Potential Research Placements

  1. Anita Grigoriadis, Comprehensive Cancer Centre, King’s College London
  2. Mirjana Efremova, Barts Cancer Institute, Queen Mary University of London
  3. Claude Chelala, Barts Cancer Institute, Queen Mary University of London

References

  1. Siegel RL, Kratzer TB, Giaquinto AN, Sung H, Jemal A. Cancer statistics, 2025. CA Cancer J Clin. 2025;75(1):10-45. doi: 10.3322/caac.21871.
  2. Fruhwirth GO, Diocou S, Blower PJ, Ng T, Mullen GED. A whole-body dual-modality radionuclide optical strategy for preclinical imaging of metastasis and heterogeneous treatment response in different microenvironments. J Nucl Med. 2014;55(4):686-94. doi: 10.2967/jnumed.113.127480.
  3. Maiques O, Fanshawe B, Crosas-Molist E, Rodriguez-Hernandez I, Volpe A, Cantelli G, Boehme L, Orgaz JL, Mardakheh FK, Sanz-Moreno V, Fruhwirth GO. A preclinical pipeline to evaluate migrastatics as therapeutic agents in metastatic melanoma.
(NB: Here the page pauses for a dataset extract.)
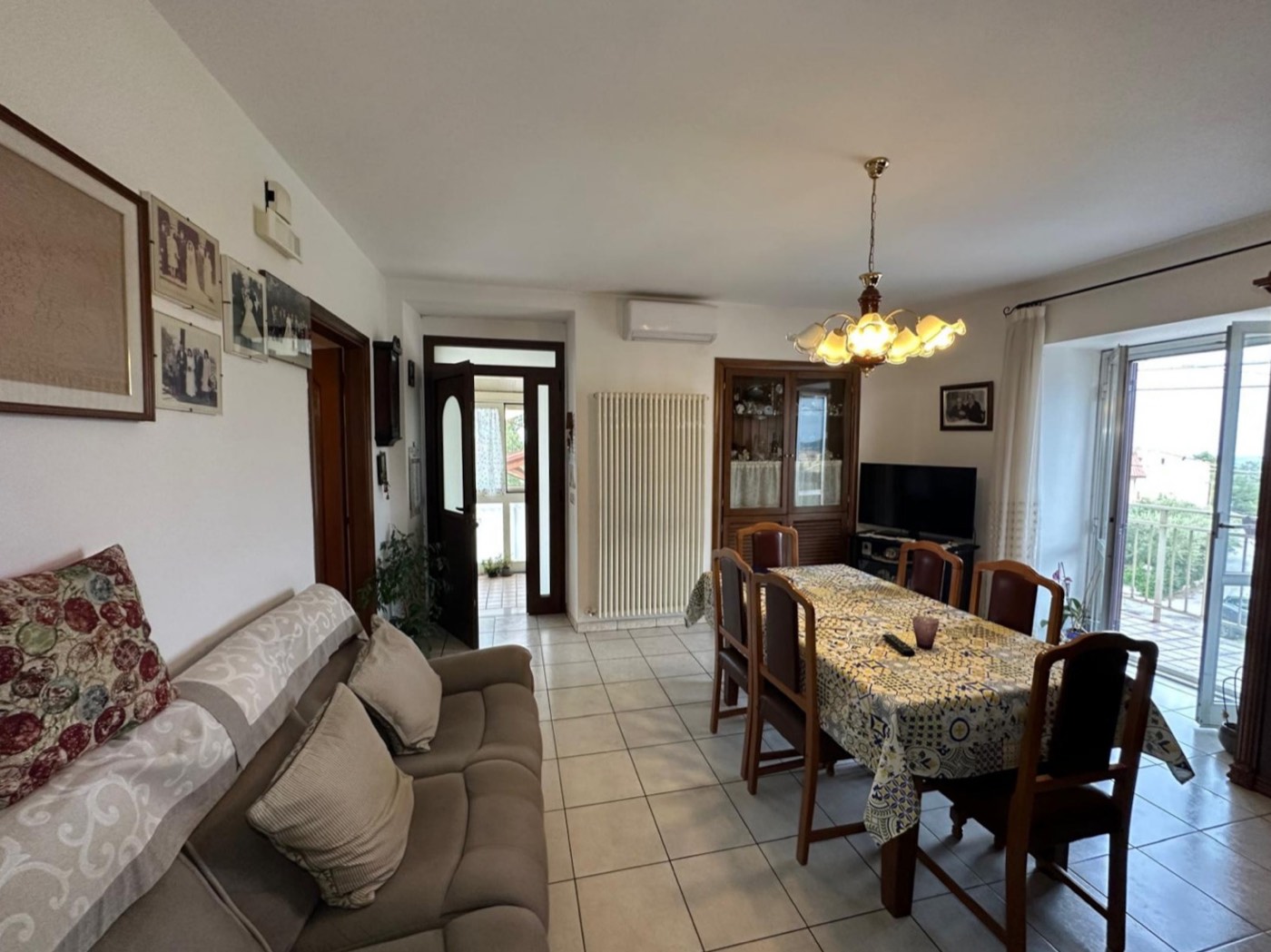 Detached House with Private Courtyard property photograph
Br J Cancer. 2021;125(5):699-713. doi: 10.1038/s41416-021-01057-y.
  4. Arslan S, Schmidt J, Bass C, Mehrotra D, Geraldes A, Singhal S, Hense J, Li X, Raharja-Liu P, Maiques O, Kather JN, Pandya P. A systematic pan-cancer study on deep learning-based prediction of multi-omic biomarkers from routine pathology images. Commun Med. 2024;4(1):48. doi: 10.1038/s43856-024-00474-1.
  5. Maiques O, Sallan MC, Laddach R, Pandya P, Varela A, Crosas-Molist E, Barcelo J, Courbot O, Liu Y, Graziani V, Arafat Y, Sewell J, Rodriguez-Hernandez I, Fanshawe B, Jung-Garcia Y, Imbert PRC, Grasset EM, Albrengues J, Santacana M, Macià A, Tarragona J, Matias-Guiu X, Marti RM, Tsoka S, Gaggioli C, Orgaz JL, Fruhwirth GO, Wallberg F, Betteridge K, Reyes-Aldasoro CC, Haider S, Braun A, Karagiannis SN, Elosegui-Artola A, Sanz-Moreno V. Matrix mechano-sensing at the invasive front induces a cytoskeletal and transcriptional memory supporting metastasis. Nat Commun. 2025;16(1):1394. doi: 10.1038/s41467-025-56106-w.